Five researchers from two Vi university members in India and Russia have completed a joint paper exploring the linkages between international trade and carbon leakage -- the increase in carbon dioxide emissions in some countries as a result of the adoption of strict environmental policies in others.
The Vi joint research project, funded by the Government of Japan, includes recommendations for national and international policies to reduce future emissions, and facilitate the negotiating process for signing a new international climate agreement.
After the signing of commitments to reduce their emissions of greenhouse gases, such as the Kyoto Protocol, some developed countries have increased their imports of carbon-intensive goods from developing or transition countries that do not have the obligation to reduce such emissions.

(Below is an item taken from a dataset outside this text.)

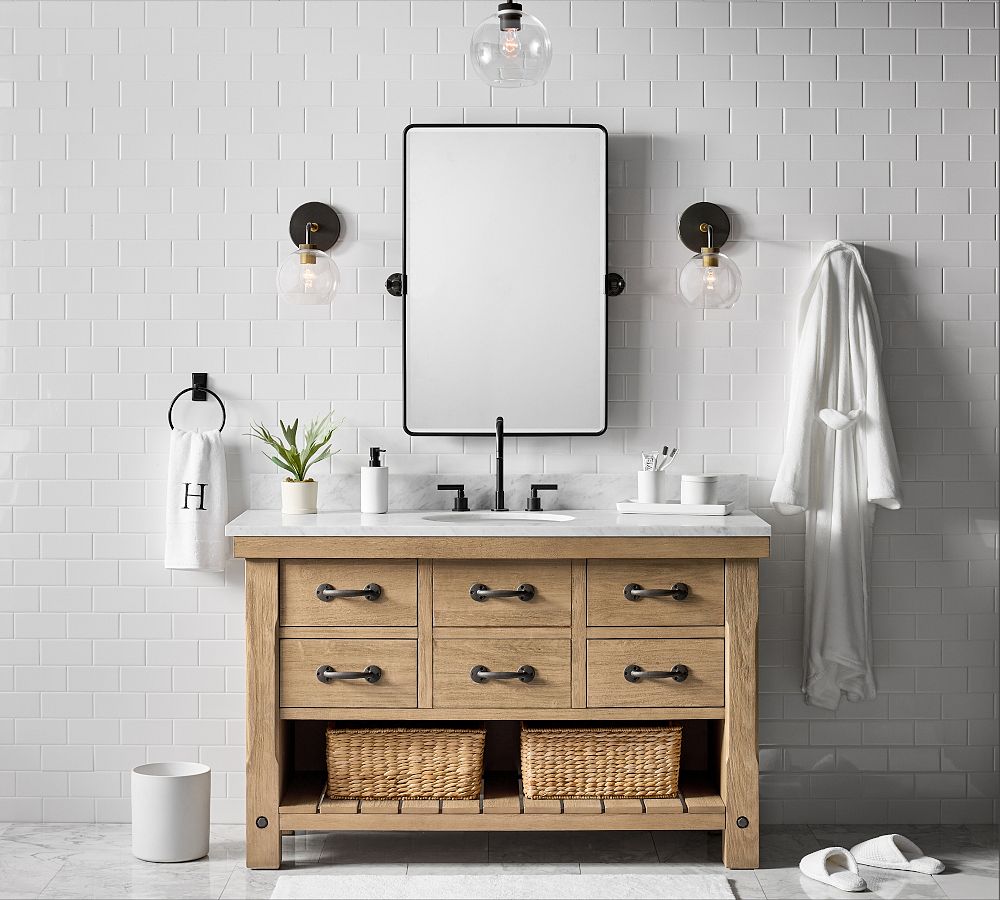 Benchwright 56.5&quot; Single Sink Vanity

This "leakage," in turn, risks to offset (at least partially) efforts of the international community to curb emissions.
"International trade and carbon leakage: An analytical framework for India and Russia," was developed by Meeta Mehra Keswani, Aparna Sawhney and Rashmi Rastogi, of Jawaharlal Nehru University in India, and Natalia Piskulova and Anna Abramova, of the Moscow State Institute of International Relations in Russia, with support from the Vi team. The paper was peer reviewed by Robert Hamwey, of UNCTAD's Trade, Environment, Climate Change and Sustainable Development Branch, and Piergiuseppe Fortunato, of UNCTAD's Unit on Economic Cooperation and Integration among Developing Countries, and co-author of the UNDESA World Economic and Social Survey 2009 (focusing on climate change).
"This paper is extremely useful in that it clearly explains how to quantify CO2 emissions that are embedded in a country's trade, demonstrating in quantitative terms the net carbon balance in bilateral trade flows between India and Russia and their main trading partners," writes Hamway.

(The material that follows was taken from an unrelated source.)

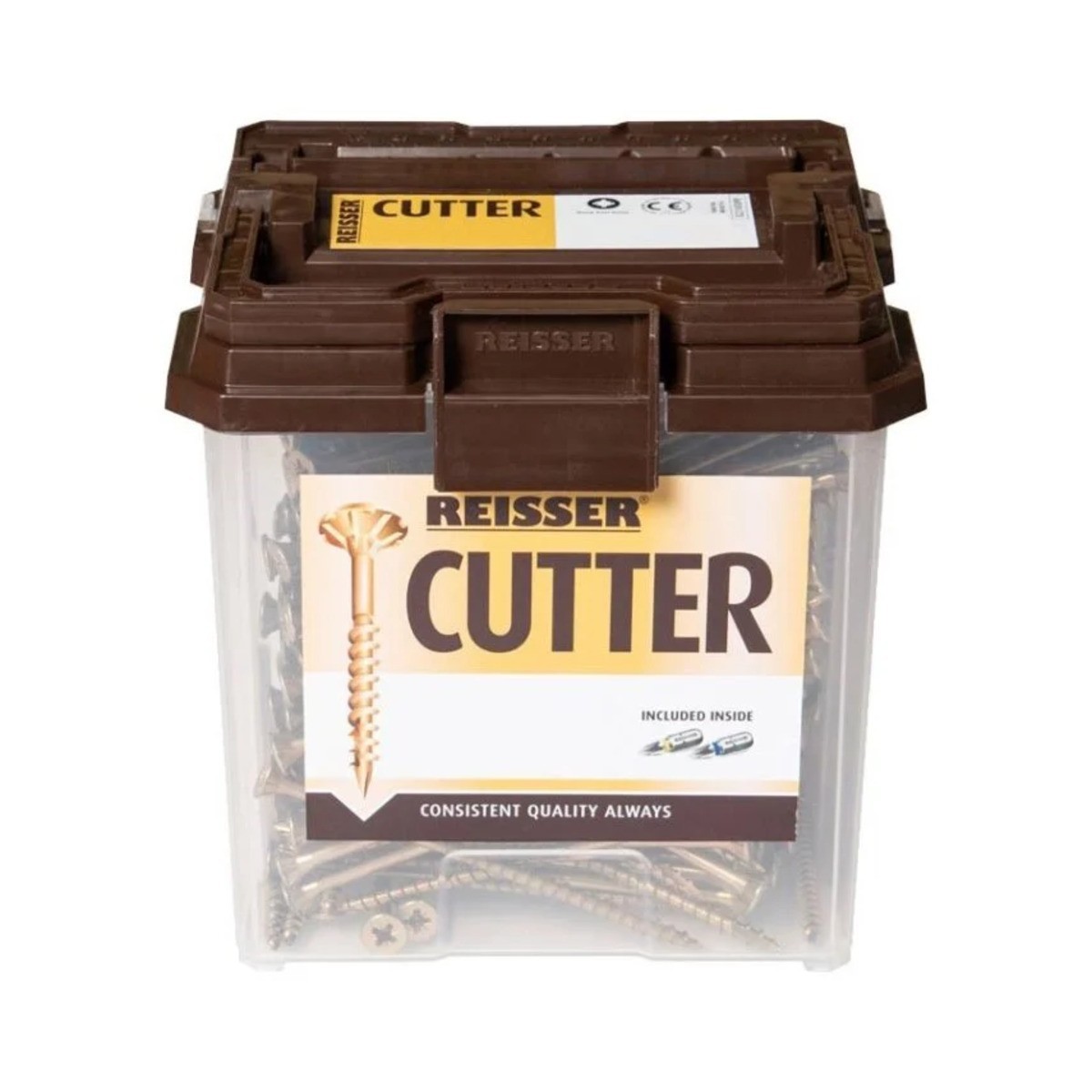 Reisser 8221560PB Cutter Woodscrew 5.0mm x 60mm Countersunk Pozi - Tub 500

The authors propose a methodological framework for the calculation of carbon leakage in the context of merchandise trade between these two emerging economies (which do not have obligations to cut greenhouse gas emissions) and their major developed trading partners. They subsequently conduct an estimation of CO2 embodied in such trade, finding that carbon emissions embodied in Indian and Russian exports to these trading partners were higher than those in their imports, with the exception of the trade between Russia and Germany.

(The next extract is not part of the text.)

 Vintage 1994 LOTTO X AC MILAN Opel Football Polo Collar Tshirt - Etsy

"The paper convincingly argues that, due to carbon leakage, future international agreements imposing emissions reduction targets on countries should take into account future emissions calculations based on national consumption, rather than, or in conjunction with, production," Hamway said.
The problem of carbon leakage, according to the authors, needs to be addressed through sound policies aiming to improve energy efficiency, induce the use and transfer of clean technologies, and develop new sources of energy. In this regard, the paper recognizes the importance of domestic policies to reduce carbon leakage, and analyzes in detail the main measures adopted in India and Russia.
As a truly global problem, climate change will eventually require the adoption of effective international policies and participation by all countries. Along these lines, the authors argue for the application of more cooperative international policy measures that, coupled with revised emissions accounting, may facilitate the diffusion of green technologies without hindering the development perspectives of poor countries. Such policies include a new agreement with emissions reduction obligations evaluated according to each country's characteristics, and more significant financial assistance to developing countries to allow them to change their production pattern and ensure enough energy supply to meet their development needs.